··· Given records

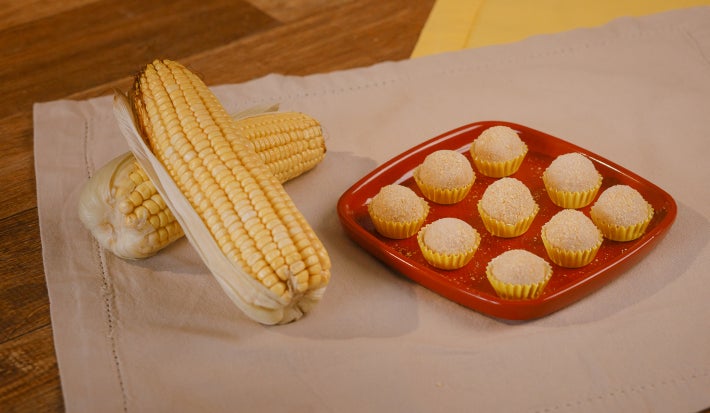 brigadeiros da farinha láctea sob prato vermelho ao lado de espigas de milho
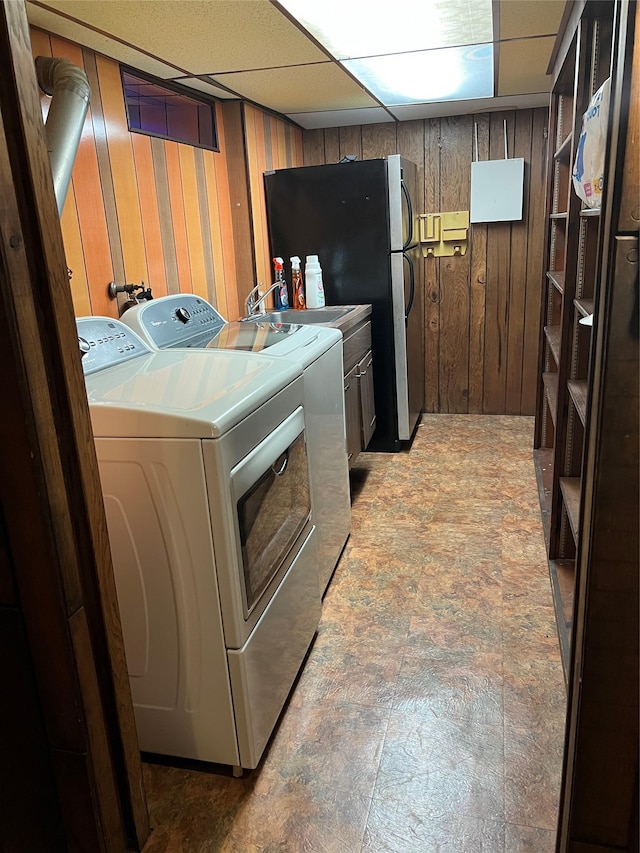 8 Alexine Ave, East Rockaway, NY 11518 - laundry area featuring washing machine and dryer, cabinet space, wooden walls, and light stone finish flooring
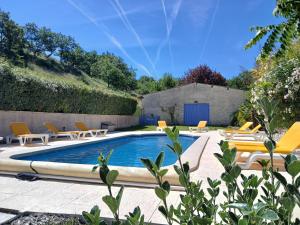 a swimming pool with lounge chairs next to a yard at Gîte Jasmin in Plavilla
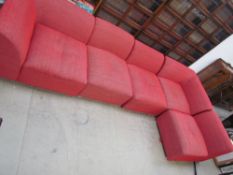 A modular red upholstered settee in five sections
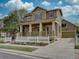 Inviting two-story home with a spacious front porch, attached garage, and manicured lawn at 5072 Meadow Mountain Dr, Broomfield, CO 80023
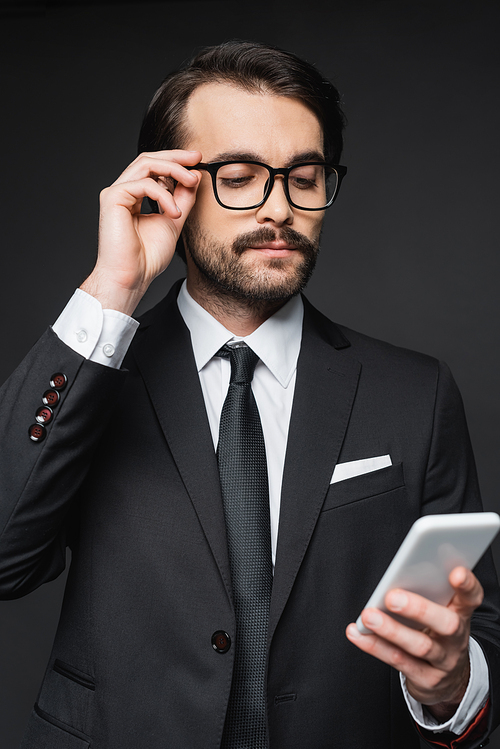 businessman in suit and glasses looking at smartphone on dark grey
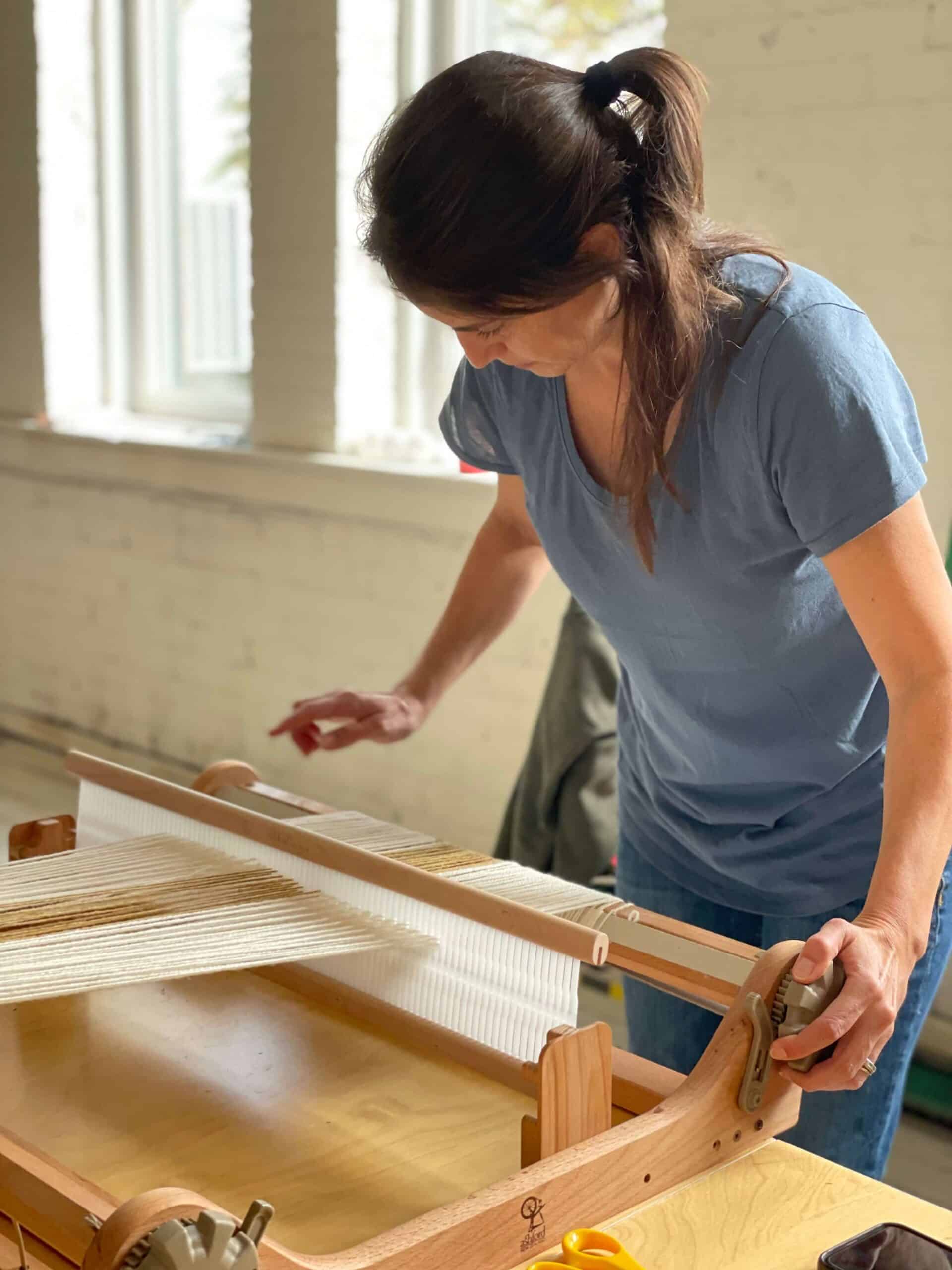A participant weaving white and tan threads on a wooden loom in a bright studio workshop.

······

Instructions for the task: An exact copy is needed. It runs from the line above containing "8 Alexine Ave, East" down to the line containing "Inviting two-story home", both included, with no pictures.

Answer to this task:
 8 Alexine Ave, East Rockaway, NY 11518 - laundry area featuring washing machine and dryer, cabinet space, wooden walls, and light stone finish flooring
 a swimming pool with lounge chairs next to a yard at Gîte Jasmin in Plavilla
 A modular red upholstered settee in five sections
 Inviting two-story home with a spacious front porch, attached garage, and manicured lawn at 5072 Meadow Mountain Dr, Broomfield, CO 80023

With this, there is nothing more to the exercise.